Austen is most renowned for her development of free indirect speech, a technique pioneered by 18th-century novelists Henry Fielding and Frances Burney.[17] In free indirect speech, the thoughts and speech of the characters mix with the voice of the narrator. Austen uses it to provide summaries of conversations or to compress, dramatically or ironically, a character's speech and thoughts.[18] In Sense and Sensibility, Austen experiments extensively for the first time with this technique.[19] For example,
Mrs John Dashwood did not at all approve of what her husband intended to do for his sisters. To take three thousand pounds from the fortune of their dear little boy, would be impoverishing him to the most dreadful degree. She begged him to think again on the subject. How could he answer it to himself to rob his child, and his only child too, of so large a sum?[20]

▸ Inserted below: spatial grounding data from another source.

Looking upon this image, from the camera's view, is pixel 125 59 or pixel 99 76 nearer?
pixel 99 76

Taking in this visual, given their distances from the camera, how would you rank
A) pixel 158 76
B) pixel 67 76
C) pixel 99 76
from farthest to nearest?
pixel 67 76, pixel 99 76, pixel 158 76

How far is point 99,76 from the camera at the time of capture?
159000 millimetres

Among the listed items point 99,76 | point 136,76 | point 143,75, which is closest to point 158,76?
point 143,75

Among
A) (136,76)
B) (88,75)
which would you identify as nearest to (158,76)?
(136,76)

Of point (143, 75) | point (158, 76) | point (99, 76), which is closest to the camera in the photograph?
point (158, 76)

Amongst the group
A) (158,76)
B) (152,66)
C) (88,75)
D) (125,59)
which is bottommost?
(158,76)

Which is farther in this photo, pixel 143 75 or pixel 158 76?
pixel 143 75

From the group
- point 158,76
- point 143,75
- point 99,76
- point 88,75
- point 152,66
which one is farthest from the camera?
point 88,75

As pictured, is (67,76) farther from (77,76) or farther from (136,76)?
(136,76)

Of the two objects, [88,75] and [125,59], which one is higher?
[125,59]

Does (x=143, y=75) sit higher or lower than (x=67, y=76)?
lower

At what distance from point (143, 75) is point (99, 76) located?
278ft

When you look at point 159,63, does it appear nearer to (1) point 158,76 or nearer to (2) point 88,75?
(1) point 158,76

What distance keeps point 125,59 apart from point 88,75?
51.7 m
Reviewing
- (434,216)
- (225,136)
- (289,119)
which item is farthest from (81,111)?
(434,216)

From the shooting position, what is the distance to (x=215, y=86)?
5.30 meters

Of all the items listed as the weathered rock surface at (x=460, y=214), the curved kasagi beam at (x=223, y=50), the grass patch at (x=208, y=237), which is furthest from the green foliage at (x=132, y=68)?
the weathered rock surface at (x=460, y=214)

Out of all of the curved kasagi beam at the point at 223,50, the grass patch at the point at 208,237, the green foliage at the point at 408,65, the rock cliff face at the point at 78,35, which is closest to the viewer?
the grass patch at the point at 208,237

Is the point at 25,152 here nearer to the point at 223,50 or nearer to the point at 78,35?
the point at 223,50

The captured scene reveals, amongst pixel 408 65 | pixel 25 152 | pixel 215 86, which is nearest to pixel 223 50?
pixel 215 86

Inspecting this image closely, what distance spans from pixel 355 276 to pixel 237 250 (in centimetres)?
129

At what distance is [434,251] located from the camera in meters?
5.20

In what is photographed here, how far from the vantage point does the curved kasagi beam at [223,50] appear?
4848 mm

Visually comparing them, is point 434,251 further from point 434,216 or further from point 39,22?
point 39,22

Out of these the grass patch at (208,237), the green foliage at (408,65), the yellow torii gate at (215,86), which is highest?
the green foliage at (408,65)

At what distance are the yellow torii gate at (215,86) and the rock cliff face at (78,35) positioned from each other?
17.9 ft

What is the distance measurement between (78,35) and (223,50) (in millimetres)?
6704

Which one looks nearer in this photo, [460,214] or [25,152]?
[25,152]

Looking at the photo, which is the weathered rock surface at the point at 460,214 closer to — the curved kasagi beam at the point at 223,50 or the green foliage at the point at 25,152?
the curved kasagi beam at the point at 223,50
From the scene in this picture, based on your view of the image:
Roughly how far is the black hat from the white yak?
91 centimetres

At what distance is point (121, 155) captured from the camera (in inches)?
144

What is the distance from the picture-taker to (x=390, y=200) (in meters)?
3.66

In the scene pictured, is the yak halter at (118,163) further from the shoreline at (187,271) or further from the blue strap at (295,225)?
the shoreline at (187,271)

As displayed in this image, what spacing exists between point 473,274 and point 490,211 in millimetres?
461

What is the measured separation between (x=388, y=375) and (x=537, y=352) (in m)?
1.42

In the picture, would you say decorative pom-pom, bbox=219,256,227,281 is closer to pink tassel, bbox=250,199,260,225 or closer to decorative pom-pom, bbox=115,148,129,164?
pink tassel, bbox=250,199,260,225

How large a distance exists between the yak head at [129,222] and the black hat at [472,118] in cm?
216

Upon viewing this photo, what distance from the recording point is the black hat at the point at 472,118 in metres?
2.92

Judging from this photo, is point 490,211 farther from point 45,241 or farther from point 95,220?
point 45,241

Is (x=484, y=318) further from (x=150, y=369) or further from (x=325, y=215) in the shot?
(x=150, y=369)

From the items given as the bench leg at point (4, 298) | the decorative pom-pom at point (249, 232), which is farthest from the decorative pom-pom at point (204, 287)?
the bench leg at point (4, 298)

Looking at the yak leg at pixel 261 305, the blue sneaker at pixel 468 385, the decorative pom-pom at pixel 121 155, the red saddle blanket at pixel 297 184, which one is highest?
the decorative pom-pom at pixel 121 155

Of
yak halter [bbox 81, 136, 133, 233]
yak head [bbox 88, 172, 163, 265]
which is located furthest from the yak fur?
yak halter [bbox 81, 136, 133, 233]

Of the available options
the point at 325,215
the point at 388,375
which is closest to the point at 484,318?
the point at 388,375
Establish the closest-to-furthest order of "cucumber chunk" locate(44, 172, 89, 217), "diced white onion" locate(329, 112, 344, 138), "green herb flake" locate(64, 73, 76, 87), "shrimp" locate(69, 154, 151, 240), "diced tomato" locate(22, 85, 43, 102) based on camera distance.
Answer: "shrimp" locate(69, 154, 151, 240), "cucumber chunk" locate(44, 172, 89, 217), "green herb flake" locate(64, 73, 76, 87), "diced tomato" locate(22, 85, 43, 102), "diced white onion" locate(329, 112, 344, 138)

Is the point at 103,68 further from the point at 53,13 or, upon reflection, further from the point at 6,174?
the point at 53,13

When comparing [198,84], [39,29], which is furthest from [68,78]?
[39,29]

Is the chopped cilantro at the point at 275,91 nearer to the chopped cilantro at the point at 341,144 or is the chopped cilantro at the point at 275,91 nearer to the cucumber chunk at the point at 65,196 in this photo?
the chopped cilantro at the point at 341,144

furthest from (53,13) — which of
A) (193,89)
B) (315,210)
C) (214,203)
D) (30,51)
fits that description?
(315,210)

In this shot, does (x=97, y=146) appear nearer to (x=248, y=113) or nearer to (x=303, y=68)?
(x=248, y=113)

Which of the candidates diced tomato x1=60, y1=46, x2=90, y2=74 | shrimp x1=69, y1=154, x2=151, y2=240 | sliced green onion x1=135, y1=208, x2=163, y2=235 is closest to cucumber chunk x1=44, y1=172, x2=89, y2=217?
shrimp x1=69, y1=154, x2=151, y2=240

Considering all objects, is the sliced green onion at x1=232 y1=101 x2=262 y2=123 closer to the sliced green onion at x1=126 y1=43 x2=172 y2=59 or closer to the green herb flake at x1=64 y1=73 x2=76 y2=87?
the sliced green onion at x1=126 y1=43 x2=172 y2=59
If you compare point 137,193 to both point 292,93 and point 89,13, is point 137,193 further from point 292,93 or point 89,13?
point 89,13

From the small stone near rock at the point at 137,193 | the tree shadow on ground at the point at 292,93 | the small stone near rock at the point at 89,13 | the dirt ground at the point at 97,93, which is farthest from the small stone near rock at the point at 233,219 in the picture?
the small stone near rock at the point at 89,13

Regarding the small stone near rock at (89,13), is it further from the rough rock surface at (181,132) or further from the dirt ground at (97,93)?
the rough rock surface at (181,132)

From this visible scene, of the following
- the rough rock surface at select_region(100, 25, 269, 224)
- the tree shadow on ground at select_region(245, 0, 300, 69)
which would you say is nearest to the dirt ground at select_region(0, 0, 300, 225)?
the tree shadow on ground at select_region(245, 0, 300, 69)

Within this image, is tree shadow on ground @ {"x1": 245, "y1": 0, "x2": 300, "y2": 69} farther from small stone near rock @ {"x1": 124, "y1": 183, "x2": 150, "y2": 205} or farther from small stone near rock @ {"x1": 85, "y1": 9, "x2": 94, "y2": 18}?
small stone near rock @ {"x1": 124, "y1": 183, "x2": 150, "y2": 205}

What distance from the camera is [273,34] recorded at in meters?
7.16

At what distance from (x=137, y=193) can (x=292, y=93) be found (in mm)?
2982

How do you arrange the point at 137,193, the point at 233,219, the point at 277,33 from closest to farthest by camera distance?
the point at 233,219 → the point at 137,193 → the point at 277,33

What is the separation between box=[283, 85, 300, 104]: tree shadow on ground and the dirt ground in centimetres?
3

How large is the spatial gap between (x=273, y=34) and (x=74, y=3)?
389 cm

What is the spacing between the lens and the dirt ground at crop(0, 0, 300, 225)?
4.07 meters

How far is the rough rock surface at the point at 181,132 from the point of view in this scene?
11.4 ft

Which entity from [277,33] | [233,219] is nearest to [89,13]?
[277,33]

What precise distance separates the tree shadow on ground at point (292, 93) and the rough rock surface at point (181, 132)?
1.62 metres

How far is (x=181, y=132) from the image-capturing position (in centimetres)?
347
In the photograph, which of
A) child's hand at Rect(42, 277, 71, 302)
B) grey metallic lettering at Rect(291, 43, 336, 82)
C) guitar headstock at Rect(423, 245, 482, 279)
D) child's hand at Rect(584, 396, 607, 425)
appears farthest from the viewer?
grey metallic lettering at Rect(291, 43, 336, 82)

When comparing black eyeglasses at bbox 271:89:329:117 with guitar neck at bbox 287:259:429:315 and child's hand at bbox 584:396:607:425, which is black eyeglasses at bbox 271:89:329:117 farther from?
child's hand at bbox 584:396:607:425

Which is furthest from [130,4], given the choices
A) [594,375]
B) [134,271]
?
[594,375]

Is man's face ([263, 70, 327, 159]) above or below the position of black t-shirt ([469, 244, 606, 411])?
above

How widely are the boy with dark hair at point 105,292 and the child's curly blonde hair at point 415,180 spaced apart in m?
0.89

As Austen scholar Norman Page explains, "the first sentence is straight narrative, in the 'voice' of the [narrator]; the third sentence is normal indirect speech; but the second and fourth are what is usually described as free indirect speech."[21] In these two sentences, Austen represents the inner thoughts of the character and creates the illusion that the reader is entering the character's mind.[22]She often uses indirect speech for background characters. However, Page writes that "for Jane Austen...the supreme virtue of free indirect speech...[is] that it offers the possibility of achieving something of the vividness of speech without the appearance for a moment of a total silencing of the authorial voice."[23]